Stories and aspirations
  Eavesdropping on a soul

What do characters desire? What are their aspirations?

What is their telos?

Telos is a Greek word that Aristotle liked. It refers to an ultimate goal: a moral vision of some future state that lends coherence to one’s desires and commitments. It is the purpose for which we exist and the end we are seeking.

A telos embraces an intended conception of happiness. According to Aristotle, humans are seeking happiness, which is a telos that we desire for its own sake and not as means to some other good, such as honor or pleasure or wealth. It is for the sake of this that we do everything else. For Aristotle, morality is closely related to wisdom. Through wisdom, we understand what character traits (virtues) we need to practice and what choices we need to make if we are to move toward happiness.

We need to develop wisdom because we want lots of things, but not all of them help us toward our telos. Socrates described three sources of motivation:

appetite: the pursuit of pleasure
spirit: the pursuit of love and achievement, the craving for friendship and belonging, the impulse to play and win (ambition)
reason: the pursuit of understanding and wisdom, the desire to discover and to learn

One key to reaching our telos is to govern our spirit and our appetite with our reason.

Learning from stories

Much of great literature--stories that have continued to interest many readers over a long period of time--have remained interesting because they are stories about the schooling of desire. They explore how characters learned to better fulfill their telos or how they failed to do so (readers have learned from both the stories of success and of failure).

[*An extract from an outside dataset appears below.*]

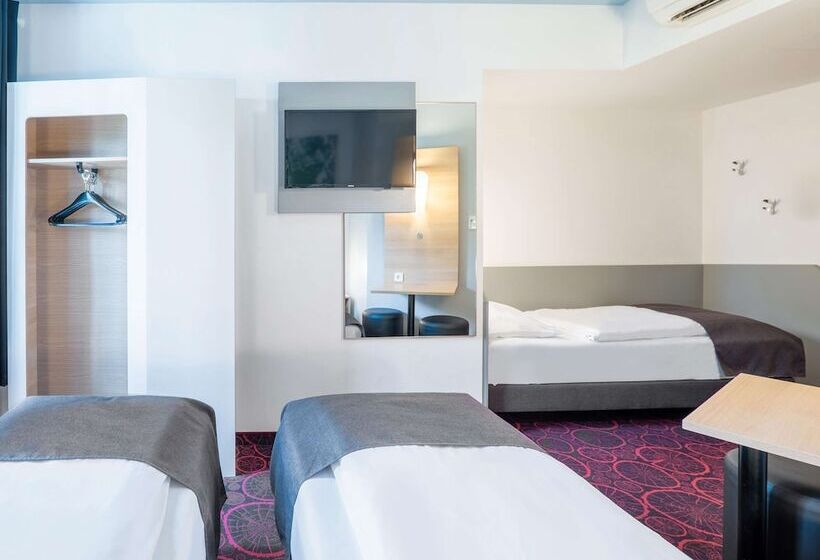 스탠다드 트리플 룸, B&b Hotel Offenburg City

The reason people find stories so helpful in figuring out how to live their lives is because people are stories. The only way to know someone is to know their story. The only way to become the person we want to be is to make choices as events unfold.

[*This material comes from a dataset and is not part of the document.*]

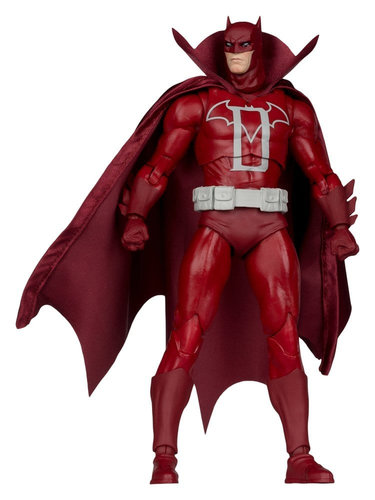 DC Multiverse Figura Batman Deadman (Knight Terrors) 19 cm - Imagen 2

Most of us are engaged in a lifelong project to bring our own telos into sharper focus and then to make better choices so we can become the sort of person we want to be. All of us have our moral agency schooled by our circumstances, relationships, attitudes, choices, and commitments. All cultures use stories to help people teach themselves what to make of their lives and how to go about it.

Mapping a character’s moral trajectory

One way of getting to the heart of what a story is about is to focus on morally pivotal points: moments that lead characters to pursue a more fruitful direction for their lives as a whole. Characters may see the value of using their talents more constructively; they may commit to a noble purpose.

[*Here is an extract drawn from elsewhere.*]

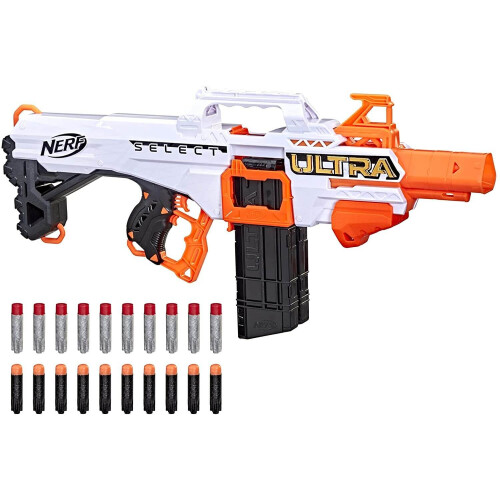 Nerf Nerf Ultra Select Motorised Blaster 1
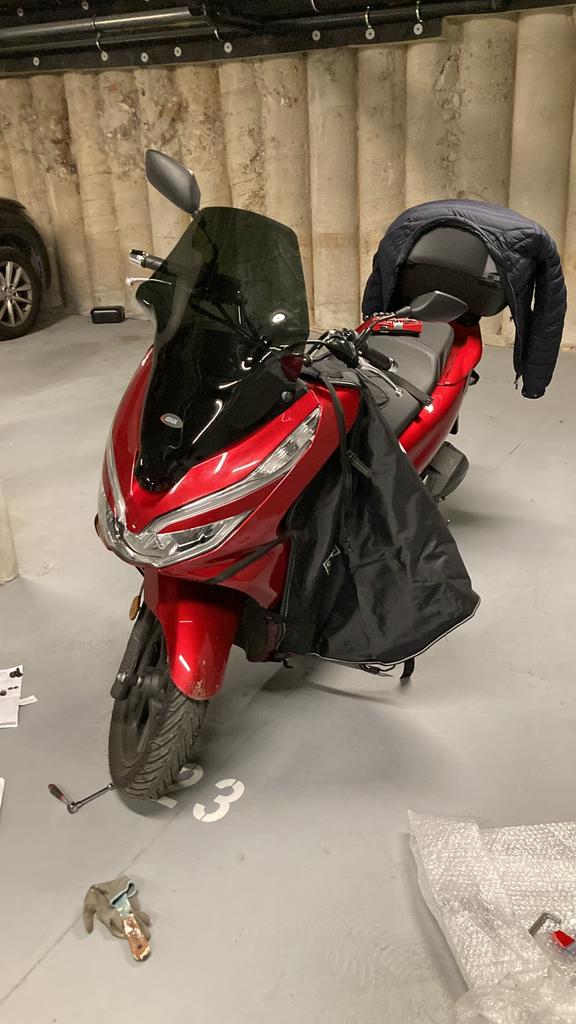Honda pcx 125, Motos, Particulier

Morally pivotal points are moments or events that lead characters to reassess their goals or the paths they are following to get to their goals. They are moments when characters face decisions about the goal they are seeking or the path they are on. At each pivotal point, the character gets a new or a refined vision of their telos, which gives him or her a new direction. These are moments that signal a reconsideration or a sharpening of their goals or aspirations.

How are such morally pivotal points brought about? What factors gradually prepare a person for such a change?

Four factors are often involved. Taken together, these factors serve as a catalyst for moral growth, leading characters to cultivate virtue (character strengths) and move closer to what Aristotle called “the best possible state of soul.” When these factors are absent, characters often experience moral decline.

  1. relationships
  2. learning from pain and acquiring new pleasures
  3. thoughtful reflection
  4. courage to face the truth (about reality, oneself, and others)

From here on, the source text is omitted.